**Problem requirements**
Both the line with "מולטון בראון Single" and the line with "2621 2623 S" in the records below must appear in the output, along with every line between them, exactly and with nothing added.

**Recorded information**
--------------------------------------------------
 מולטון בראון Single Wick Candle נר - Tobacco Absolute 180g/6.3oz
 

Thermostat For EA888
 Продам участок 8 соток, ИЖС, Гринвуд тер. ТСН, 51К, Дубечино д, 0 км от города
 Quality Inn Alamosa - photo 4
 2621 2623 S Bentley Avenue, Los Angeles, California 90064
--------------------------------------------------
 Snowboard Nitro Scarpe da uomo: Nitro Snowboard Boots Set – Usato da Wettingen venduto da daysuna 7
--------------------------------------------------
**Written response**
 מולטון בראון Single Wick Candle נר - Tobacco Absolute 180g/6.3oz
 

Thermostat For EA888
 Продам участок 8 соток, ИЖС, Гринвуд тер. ТСН, 51К, Дубечино д, 0 км от города
 Quality Inn Alamosa - photo 4
 2621 2623 S Bentley Avenue, Los Angeles, California 90064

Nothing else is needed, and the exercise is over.